As Christians called to “take every thought captive to the obedience of Christ” (2 Corinthians 10:5), we want to do our best to “think Christianly” (as the late Harry Blamires put it) about all such pronouncements.  As a Christian historian, I am also convinced that it will enhance our insight to bring a historical perspective to bear.  Here’s what I mean in this instance:

One of the most obvious questions that Christians will likely ask about President Obama’s inaugural address today concerns his use of religious rhetoric.  In defining our nation’s “founding principles” and the “journey” we must still complete in order to fulfill them, did the president pay proper tribute to the place of religious faith—to Christian faith, specifically?  This is a huge, and hugely complex, question, but here are just a couple of preliminary thoughts.

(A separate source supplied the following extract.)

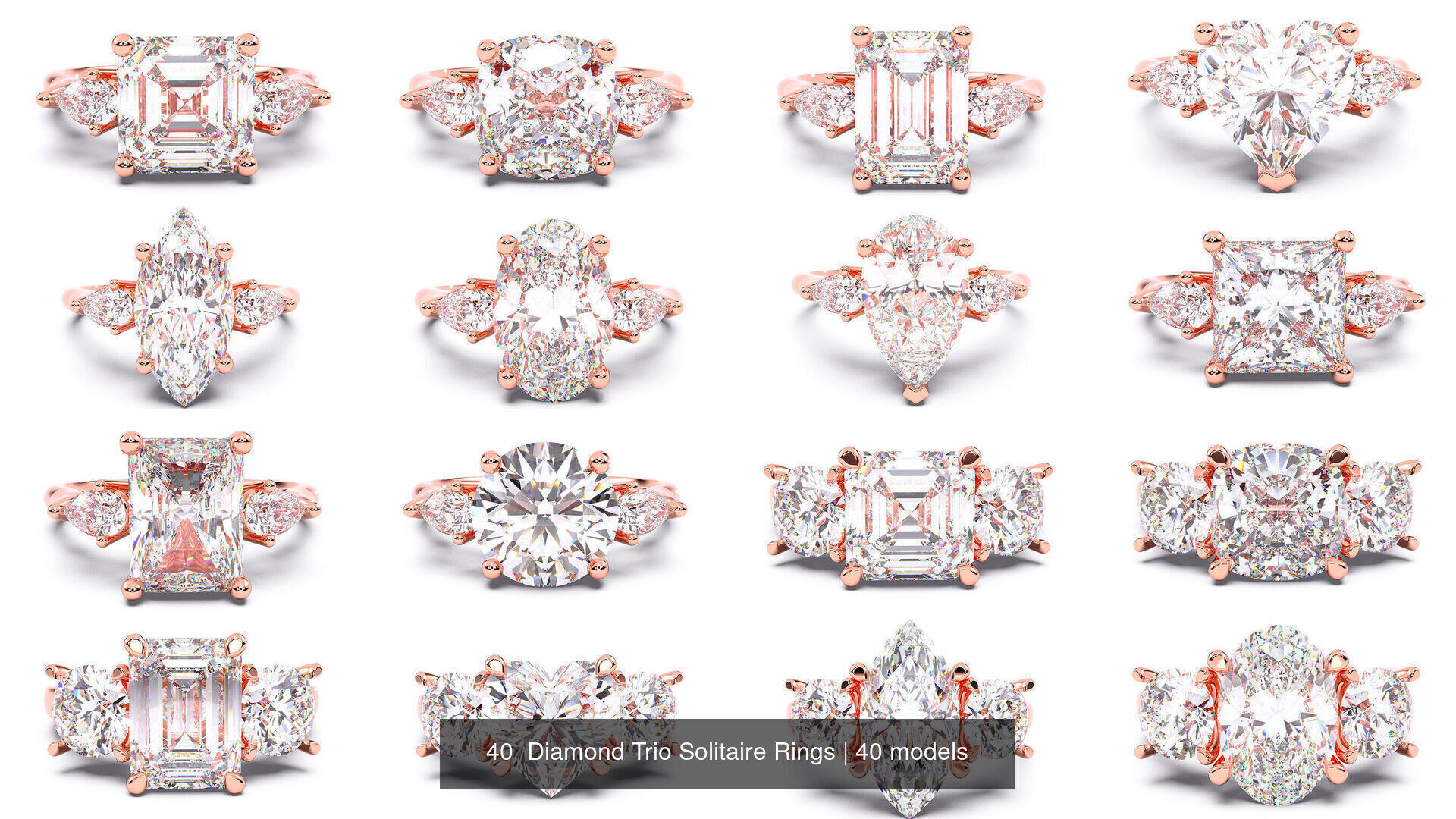 300 Solitaire Wedding Engagement Rings 3dm stl renders details 3D print model_5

Four years ago the newly elected president angered many Christians with his declaration that “we are a nation of Christians and Muslims, Jews and Hindus, and non-believers.”  Pundits will be parsing the president’s rhetoric for weeks, but my initial impression is that today’s speech was not quite as pointed as Obama’s 2009 address in linking American identity with an amalgam of world religions (not to mention atheism as well).  Those who simply want to count terms will note that the president referred to “God” in five instances.  He told us that “freedom is a gift from God,” that we are all equal “in the eyes of God,” and that the earth has been “commanded to our care by God,” before concluding with the obligatory “God bless you, and may He forever bless the United States of America.”

But what do such allusions to “God” really mean?  What purpose do they serve if the implication is that they carry no truth claims that would divide Christians, Muslims, Jews, and Hindus?  I think this is an important question, and I know that I am not equipped to answer it dogmatically.  As a historian, however, I would simply add this historical context: No American president, from George Washington onward, has ever made an unambiguous, unequivocal reference to the triune God of traditional, orthodox Christian confession (e.g., as summarized in the Apostles’ Creed or Nicene Creed).

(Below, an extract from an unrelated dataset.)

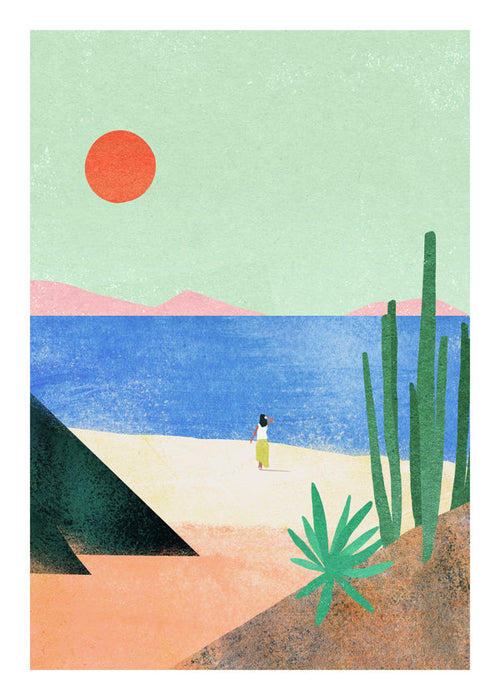 Ilustracja plażowa z odległą postacią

When it comes to referring to God, American presidents have been masters of creative euphemism.  To cite but a few examples, George Washington referred to “that Almighty Being who rules over the universe,” to “the Invisible Hand which conducts the affairs of men,” and to “the benign Parent of the Human Race.”  John Adams alluded to that “Being” who is “the Patron of Order” and the “Fountain of Justice.”  James Monroe mentioned “the Divine Author,” Martin Van Buren and James Buchanan spoke of a “Divine Being,” and Zachary Taylor and Dwight Eisenhower referred to “Divine Providence.”  Thomas Jefferson and William Henry Harrison alluded to “the Creator”; Andrew Jackson referred to “that Power”; and Abraham Lincoln, Harry Truman, and Bill Clinton each made mention of “the Almighty.”  More recently, George W. Bush referred to the “Author of liberty” and “Maker of heaven and earth.”

What do all of these references to God have in common?  None of them is uniquely Christian; none of them is explicitly Trinitarian.  There have been fifty-eight inaugural addresses since George Washington was elected as the first President of the United States in 1789.  In addition to a host of euphemisms such as those mentioned above, the word “God” appears fifty-four times in those addresses.  The words “Jesus” and “Christ” have never appeared.  In sum, the rhetoric of American inaugural addresses has always been the language of what sociologist Robert Bellah long ago termed “civil religion”—a set of vague, least-common-denominator principles calculated to unify Americans with generalities rather than divide them over specifics.